Career Advice On Becoming a Lecturer
Becoming a lecturer requires an immense amount of skill and experience. While a postgraduate degree may not have been a necessity 40 or 50 years ago, it is a near necessity for anyone that is looking for lecturer jobs today.
In most cases, you will need a PhD to enter into the field.
A teaching certification or qualification is not needed, but it may boost your employment options. Your best bet is to start planning for your career while you’re obtaining your PhD. The job of a lecturer has two main facets:
· Lecturing or teaching an audience or classroom full of students
· Researching continually
You’ll need to choose which facet you like most. There are some lecturers who like to only discuss groundbreaking research that they’ve just been working on, while others love to lecture continually on topics that are relatively known.
As a lecturer, you’ll need to be prepared for:
· Training: An immense amount of training goes in to becoming a lecturer. Universities are continually training lecturers on new teaching methods, classroom techniques and pedagogical skills. Initial training typically takes one year, with the lecturer earning a teacher qualification in the end. While not a necessity, having a teaching qualification can help you find your first job.
· Research: Working as a lecturer requires you to be at the forefront of the field.
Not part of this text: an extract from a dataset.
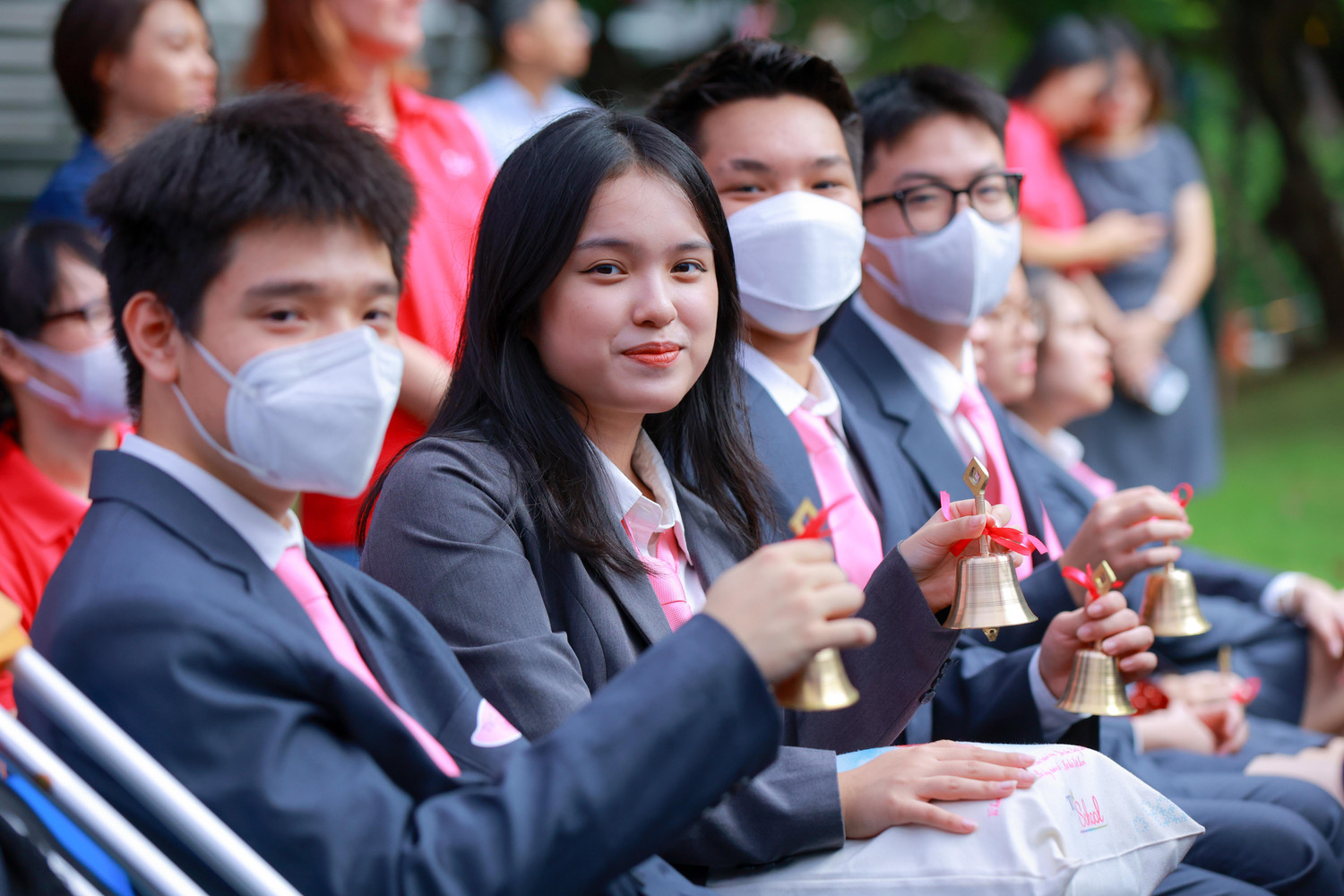 Tiếng chuông ngân đón các em học sinh, hình ảnh đặc trưng tại TH School.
You’ll be encouraged to be an active researcher, which is a big challenge for many lecturers. You’ll be required to work in different research areas as well as publications so that your seen as an expert in the field.
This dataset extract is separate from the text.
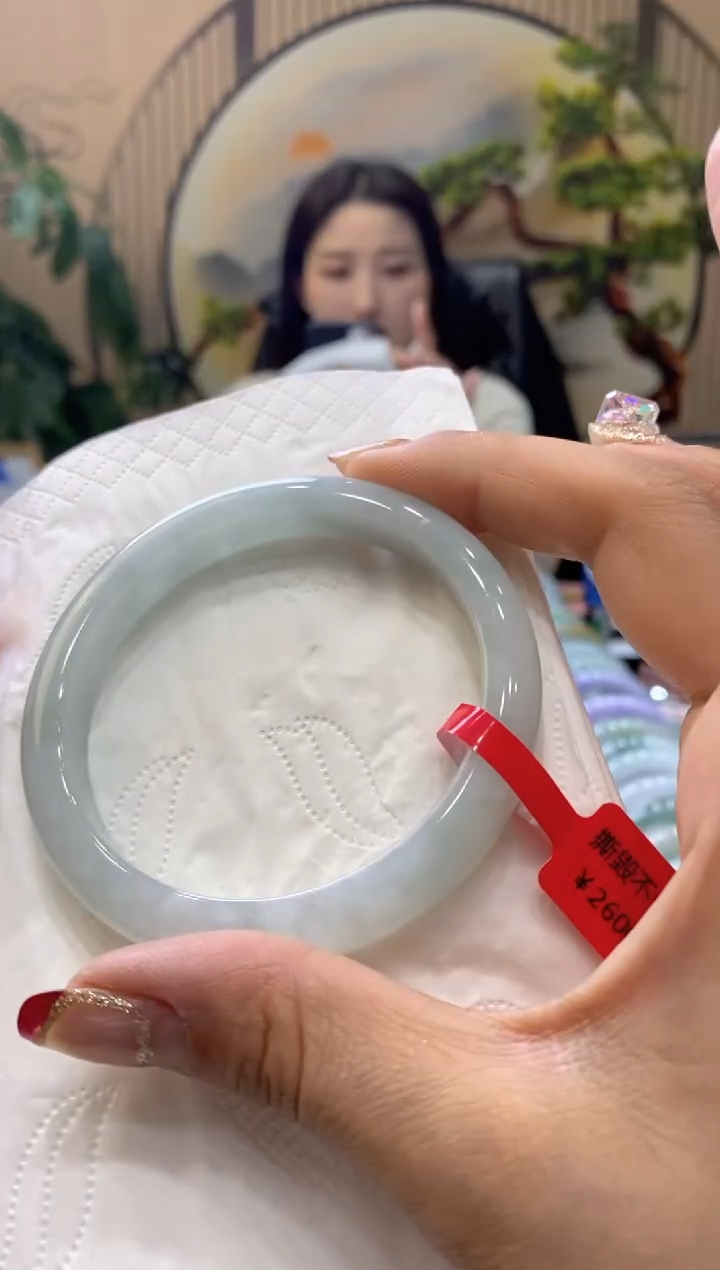 【闪购商品】翡翠手镯未镶嵌99903406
Lecturer jobs require the best experts in the field. You will need to undergo immense amounts of studying and research so that you can build yourself up as an industry expert. It’s not an easy task, and this is a field where you’ll be a continual learner that is expected to always be up-to-date in the field.
Having any publications under your name or having done any major research assignments is definitely a bonus for someone entering the field.
In an ideal world, you’ll be able to become a lecturer at your respective University. This situation will allow you to ensure that you have the requirements and qualifications to get the job. Most universities will offer lecturing positions to a PhD that has shown the utmost in research and lecturing ability.
Obtaining a high GPA is very important, with your grade point average being looked at as far back as your bachelor’s degree.
While a formal teaching qualification is not going to be required by most universities, you will be expected to demonstrate your ability to teach students. If possible, attempt to land any job that will give you experience in teaching prior to becoming a lecturer. It is very important that you learn how to teach large groups of people.
Lecturers who take any teaching classes as part of their curriculum during their studies will find that getting a job is much easier.
Landing a permanent contract as a lecturer will be difficult at first, but permanent contracts will come as you gain more experience.